What Your Merchandising Tells Car Shoppers

Car shoppers want to see more photos and read more detailed sellers notes.  Period.  That’s the key insight we learned from our latest Voice of the Consumer survey.  If you needed another kick to update your vehicle merchandising strategy, let this be it.

In December 2016, we found that 87 percent of car shoppers surveyed said they are looking for cars for sale¹.  We also found that of that 87 percent, 55 percent of those surveyed are researching car pricing and 54 percent are comparing vehicles¹.  Knowing this, what role do you think your merchandising plays in influencing car shoppers to spend time on your VDPs?  Does your vehicle merchandising even entice consumers to send a traditional lead or encourage them to show up to the lot?  Take a step back and evaluate the photos you take of your inventory and the way you write your sellers notes for an effective, cohesive merchandising strategy.

Auto shoppers want real-time information.  We know from our own research that 63 percent of auto shoppers were still researching dealerships after showing up onto a dealer’s lot, and more than half of those visited additional dealerships based on what they found via their mobile devices².  Your merchandising can be a key influencer in helping car shoppers decide where and with whom to do business – and it may not be you.

What Do Car Shoppers Want, and What Can you Do?
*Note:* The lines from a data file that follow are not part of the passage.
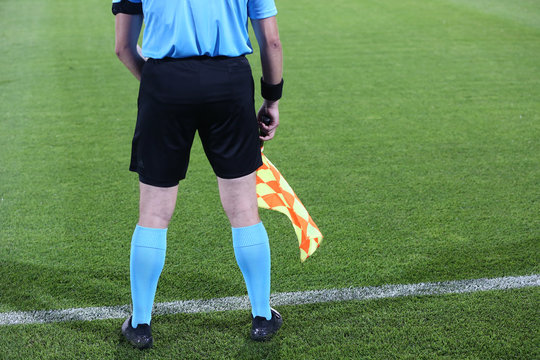 Linesman soccer referee with flags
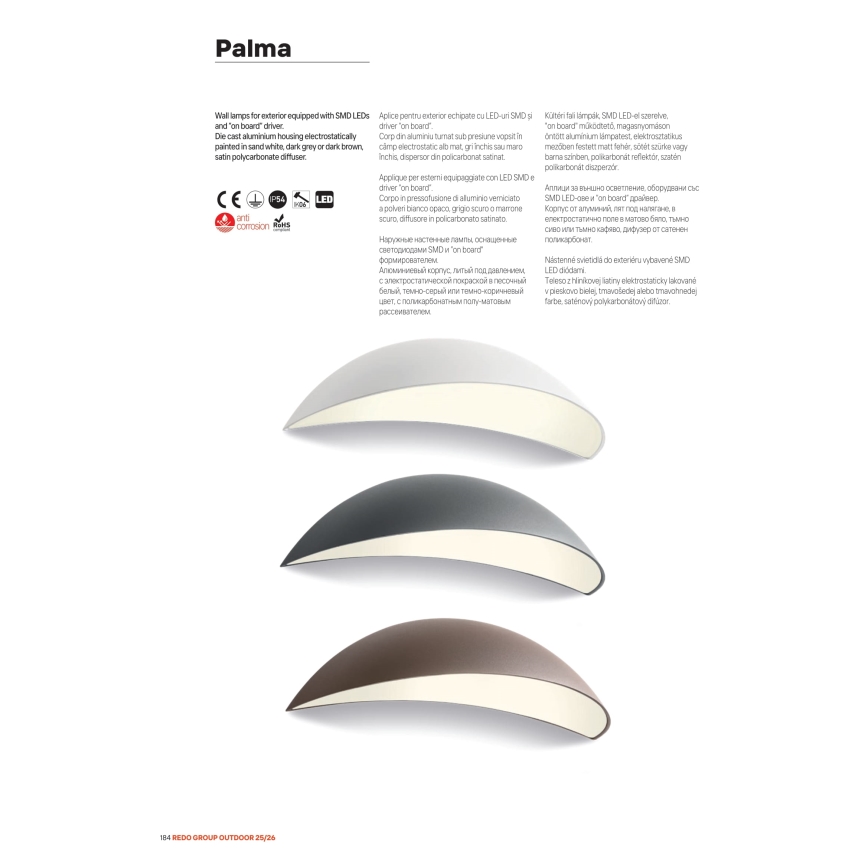 Redo 90235 - LED-Außenwandleuchte PALMA/18W/230V 3000K IP54 Anthrazit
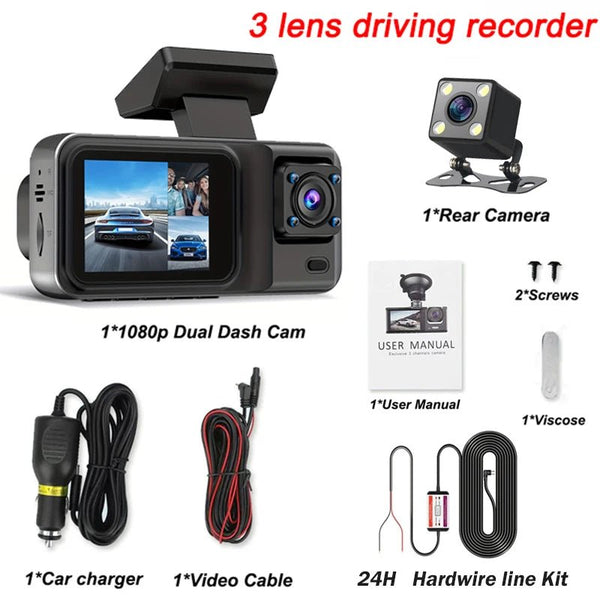 3 Channel Dash Cam for Cars 1080P Video Recorder Rear View Car DVR - stepyours.com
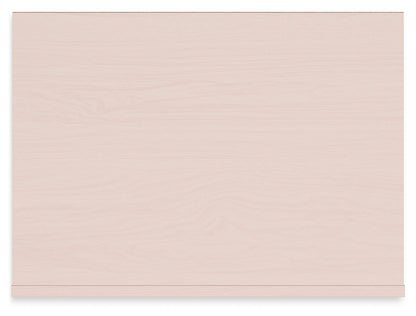 Wistenpine Full Upholstered Panel Headboard with Mirrored Dresser and 2 Nightstands in Blush - PKG018931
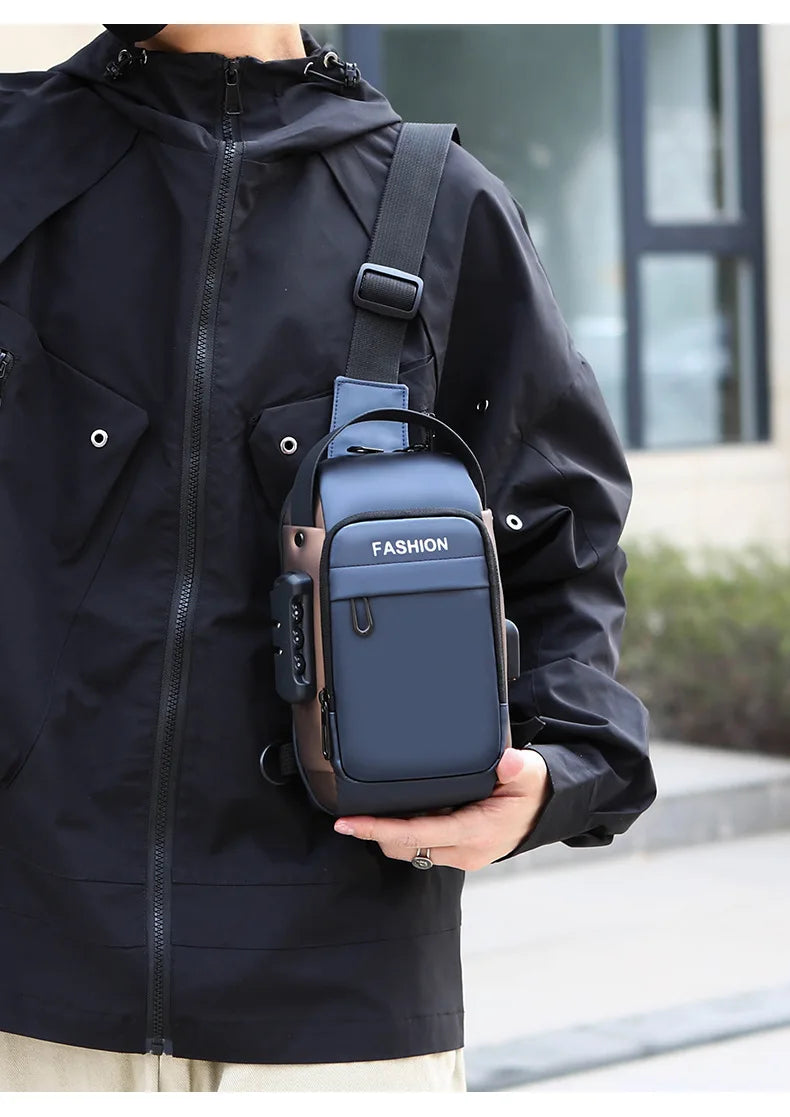 Men's Anti Theft USB Charging Crossbody Bag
Let’s talk specifics about what you can do to better merchandise for the in-market car shopper.  Cars.com continually takes consumer feedback into consideration for updates to the user experience.  A good deal of what we receive deals with available vehicle content.  Car shoppers are asking for more details about vehicles saying, “improve filter options by making dealers correctly load all details about the car.”  Additionally, we’ve heard that we should prioritize search results based on VDPs having full photos, sellers notes, and contact information.  Of course, we will never prioritize one dealer over another in a search.  But, these are responses to our question of how we should improve Cars.com, and it’s in dealers’ own power to do it while helping themselves.

If consumers are clamoring for more information on vehicles via photos, sellers notes, and contact information, it’s those dealers who take the time to merchandise thoroughly and creatively who are gaining in market share, growing their sales, and influencing people to show up on the lot.  It’s also those dealers who completely fill out all vehicle details and features sections on a VDP that can garner more attention from consumers online.

What can you do?  Dedicate resources to take quality photos of available inventory.  While we offer stock photos of new inventory, up to date pictures of vehicles can go a long way in satisfying car shoppers needs.  A well detailed, creative paragraph of sellers notes can also satisfy car shoppers and encourage them to contact the dealership with a phone call or email or even to show up on the lot.  Indeed, it’s those dealers that completely fill out all vehicle details and features sections that will benefit from consumers visiting Cars.com.  Those fields feed into the filters that car shoppers use to narrow down their search.  If you don’t have specifics on your vehicle filled out – you miss out!

If the manpower doesn’t exist at your dealership to cover the volume of inventory, working with your DMS provider can lessen the burden.  Have the conversation with your DMS for more detailed photos taken more often and provide examples and guidelines for your sellers notes.

Consumers are asking for more detailed information on vehicles when they are researching.  If it comes down to a customer comparing one of your vehicles against a competitor who has more information on their VDPs, you may have lost them.

[1] Cars.com Insights, December, 2016.

[2] Behavioral Analytics on Mobile, Cars.com, Q3 2016.